Thanks be to God for the Byzantine Catholic Church.

My spiritual director, a Trappist monk, told me about the Eastern Catholic Churches and suggested that I attend one consistently for at least six months to help discern where the Holy Spirit was calling me. This led me to St. Irene Byzantine Catholic Church in North Portland. Here, in a Catholic Church, my senses were overwhelmed with the sacred and sublime beauty of the Byzantine Liturgy: the icons, the incense, the chant, and the gestures. Father Schmemann encapsulates the profundity of the Divine Liturgy: “The liturgy is, before everything else, the joyous gathering of those who are to meet the risen Lord and to enter with him into the bridal chamber. And it is this joy of expectation and this expectation of joy that are expressed in singing and ritual, in vestments and in censing, in that whole beauty of the liturgy.”

The Eastern Church continues to place the ascetic tradition of the church at the forefront of her spirituality. Fasting and abstinence occur on most Wednesdays and Fridays, and every day throughout Lent. Daily prayers also incorporate metanies (profound bows where one bends at the waist and touches the floor with the right hand) and full prostrations. This participation of the body in one’s spirituality helps teach one discipline, how to keep one’s addictions in check, how to humbly call on our Lord in supplication when we have fallen, and to remember that the sanctification and salvation we are participating in with God includes the whole person: mind, soul, spirit, and body.

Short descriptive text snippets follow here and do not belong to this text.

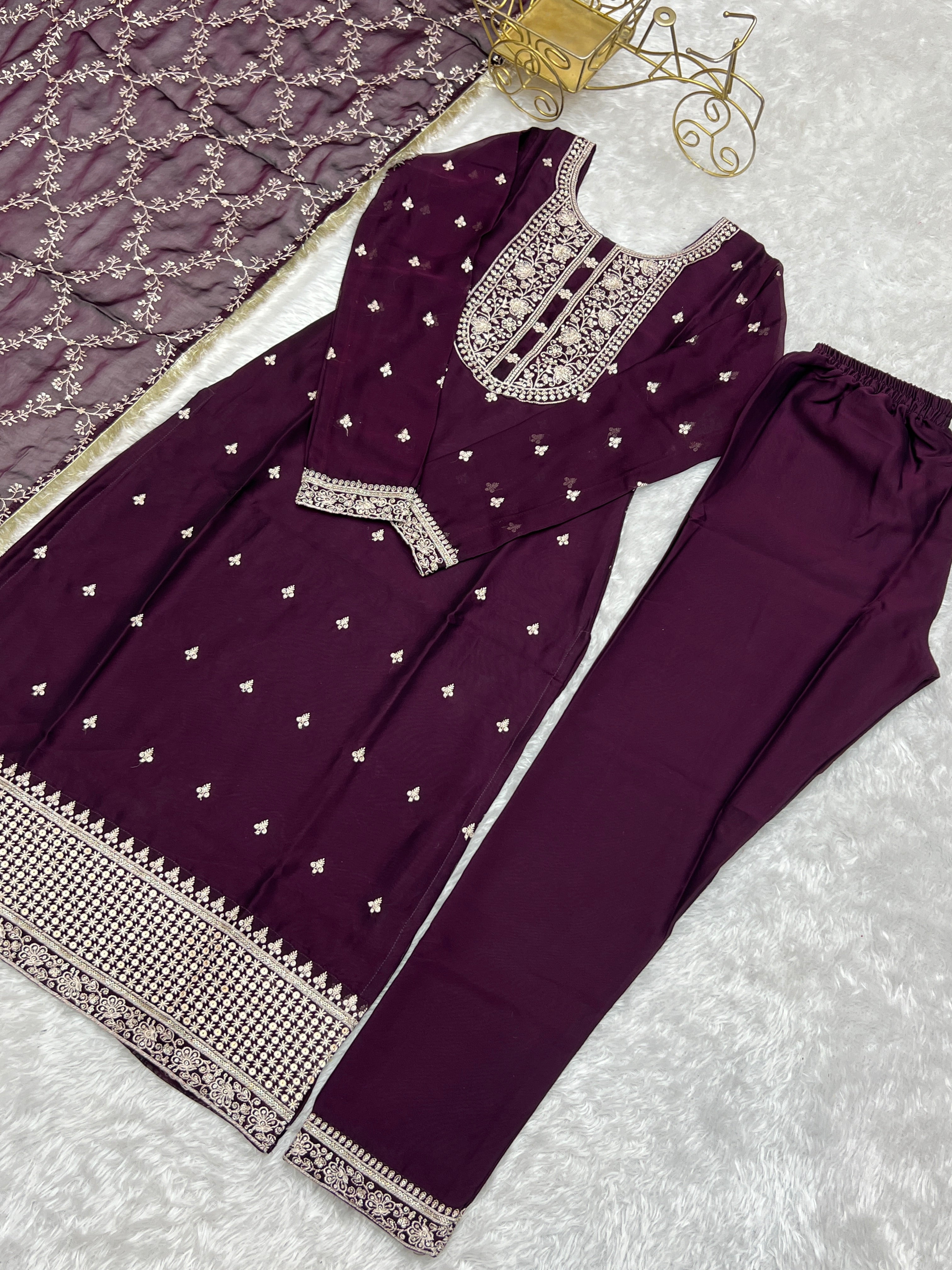 Wine Festival Special Pure Blooming Rangoli Silk Kurta Set with Dupatta – Elegant Embroidery & Lace Work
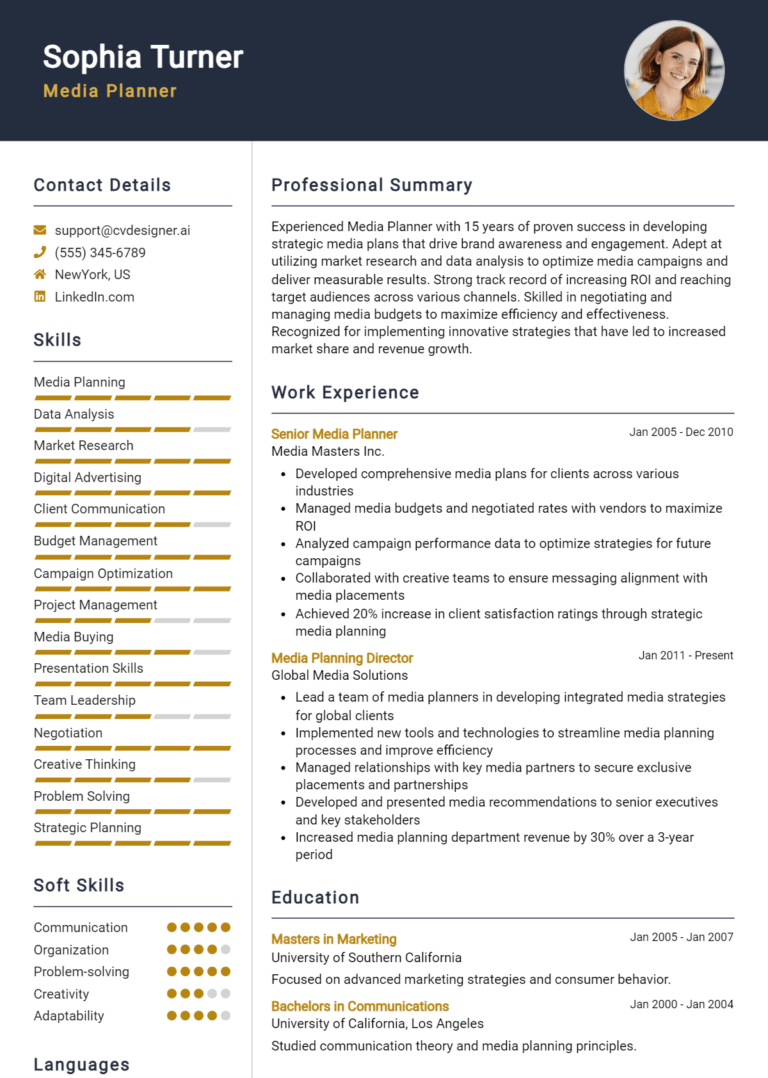 Media Planner Resume Example for 2025: Tips to Stand Out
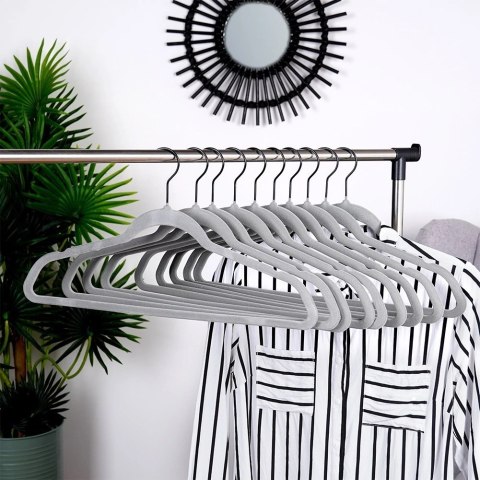 Wieszaki na ubrania welurowe szare obrotowe 45x24,5 cm 10 szt. Grupa Orion Sp. z o.o.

After consistently attending Divine Liturgies at St. Irene and keeping my daily prayer rule, the world was again alive with the fecundity of God, or rather, I was again conscious of God’s gratuitous outpouring of life and love in myself and all around me. The hymnody of the Byzantine Catholic Church is glorious and theologically rich. Away from church, I would catch myself singing parts from the divine services and come to realize that the words were from one of the church fathers or from an ecumenical council. The harmony and poetry of the liturgy follows one outside the walls of the church, revealing God in every nook and cranny of our sacred world. Father Schmemann describes the radiant joy one experiences when living a life grounded in the liturgy: “In the radiance of His light the world is not commonplace. The very floor we stand on is a miracle of atoms whizzing about in space.”

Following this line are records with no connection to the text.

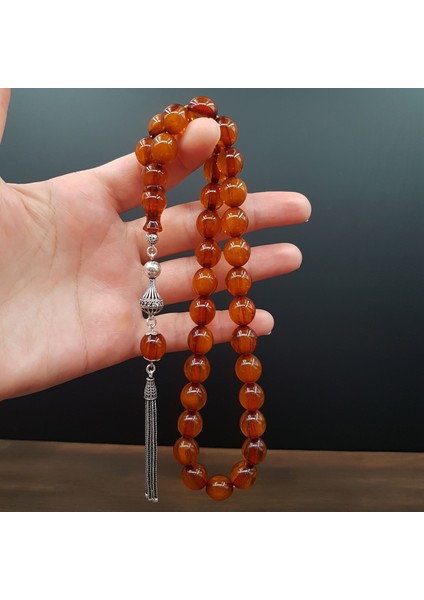 Gümüş Püskül Hareli Kahve Sıkma Kehribar Tesbih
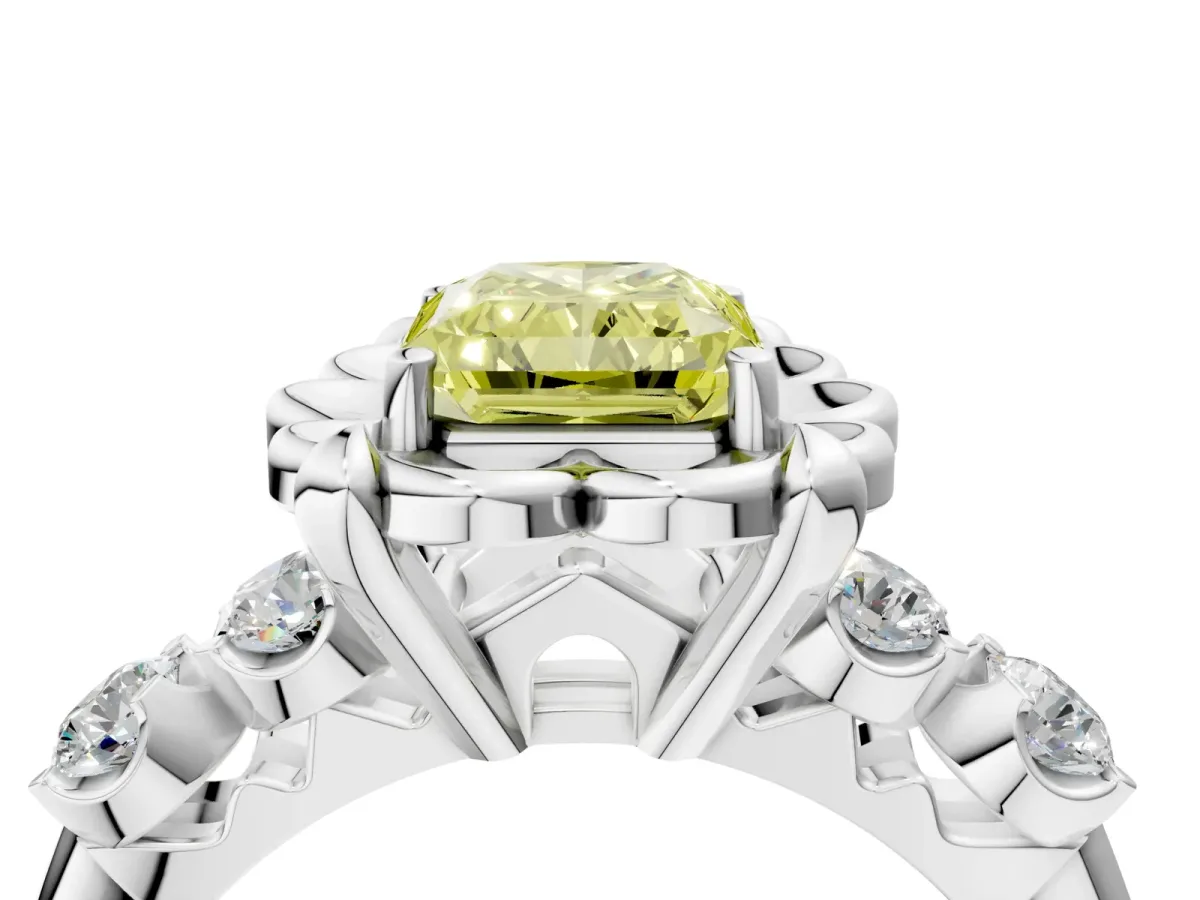Fancy Yellow Radiant Cut Cut Diamond Floral Halo Engagement Ring with Shared Prong Setting Silver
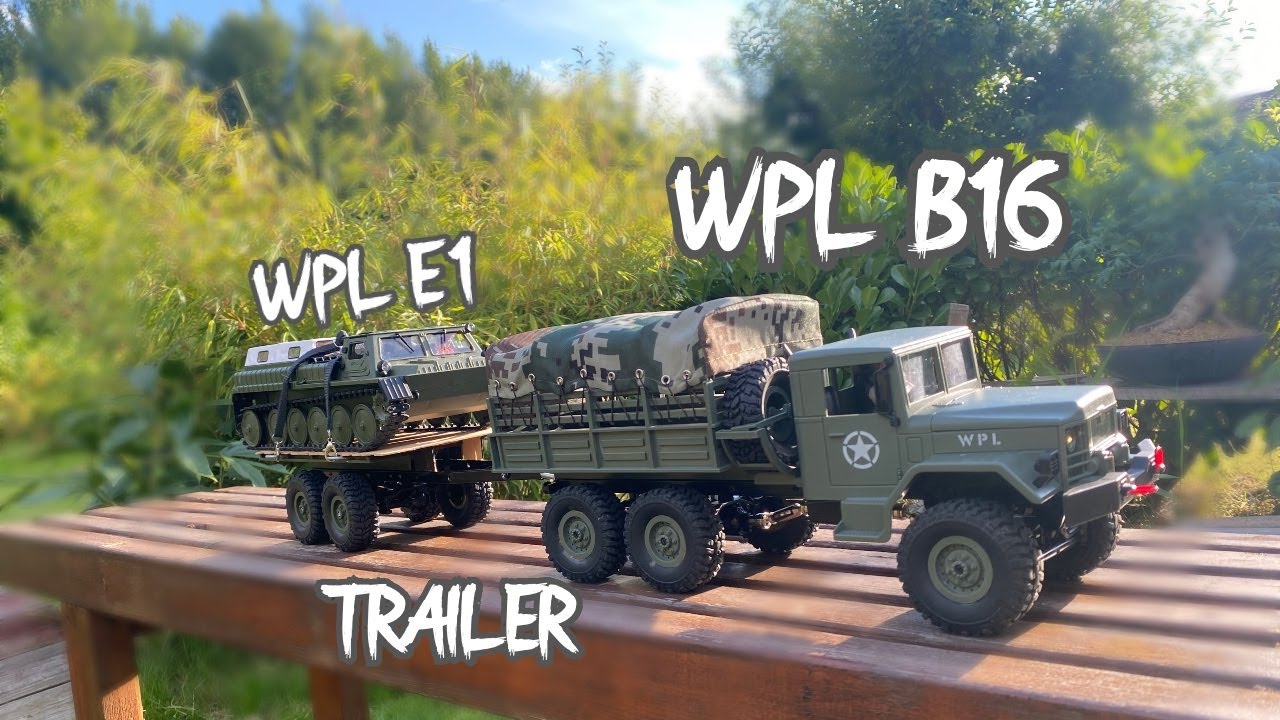 THE WPL B16 6x6 HAULING TRAILER WITH WPL E1 Gaz 71!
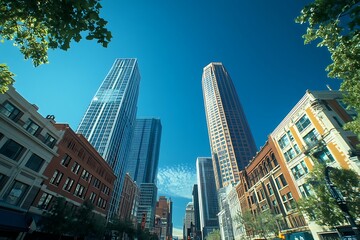 Fototapeta premium Sunlit City Street Tall Buildings & Contrasting Architecture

Another blessing of Byzantine Catholic parishes is that they tend to be smaller, so it is easier to get involved in various ministries, to feel connected with other parishioners and to get to know the priest. When a prayer request is emailed out, you typically know the person in need of prayer. I had never intended to sing, or chant as it is known in the Byzantine tradition. But there was a need at St. Irene’s, so I plunged into the role and it has proved to be the most effective form of catechesis I have ever encountered. In memorizing the hymns, I have learned the doctrines that have been handed down to us in our sacred tradition, which was the very intent of the Byzantine hymnographers.

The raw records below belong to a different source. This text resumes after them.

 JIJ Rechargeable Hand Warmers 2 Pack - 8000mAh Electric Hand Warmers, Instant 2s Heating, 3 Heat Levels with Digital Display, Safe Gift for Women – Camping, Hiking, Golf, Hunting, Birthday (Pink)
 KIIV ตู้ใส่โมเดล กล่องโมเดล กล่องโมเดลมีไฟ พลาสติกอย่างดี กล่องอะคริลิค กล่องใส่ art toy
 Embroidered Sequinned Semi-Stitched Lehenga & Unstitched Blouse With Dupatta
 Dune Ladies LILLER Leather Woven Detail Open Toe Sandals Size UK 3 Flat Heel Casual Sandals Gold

I do not mean to detract from the Western Church. She shares in the sacred deposit of faith, and her faithful experience joy, sanctification and profound relationships with Christ through her unique genius and expression of the apostolic faith. I continue to attend daily Mass two days per week, so am certainly breathing with both lungs of the church. On my journey, though, an Eastern Catholic Church lifted me out of the torrent of a secularized mindset — a mindset lacking deep trust in God, joy, and openness to mystery — and placed me in the safety of the Ark of the Byzantine Catholic Church.

The Church Universal is one, holy, catholic, and apostolic, and the Byzantine expression of the faith can play a pivotal role in connecting with people of our current epoch and catechizing them in the beauty, joy and depth of the one faith, as it did me. Melkite Catholic Archbishop Joseph Raya articulates the importance of the Byzantine Church for evangelizing modernity: “I deeply believe that the Byzantine way is still the most suitable way for modern man to come to the realization of the sheer poetry and grace that are in the Gospels. I believe that Western man, and especially Americans, can easily live it, and that it can add to his enrichment without any intellectual capitulation.”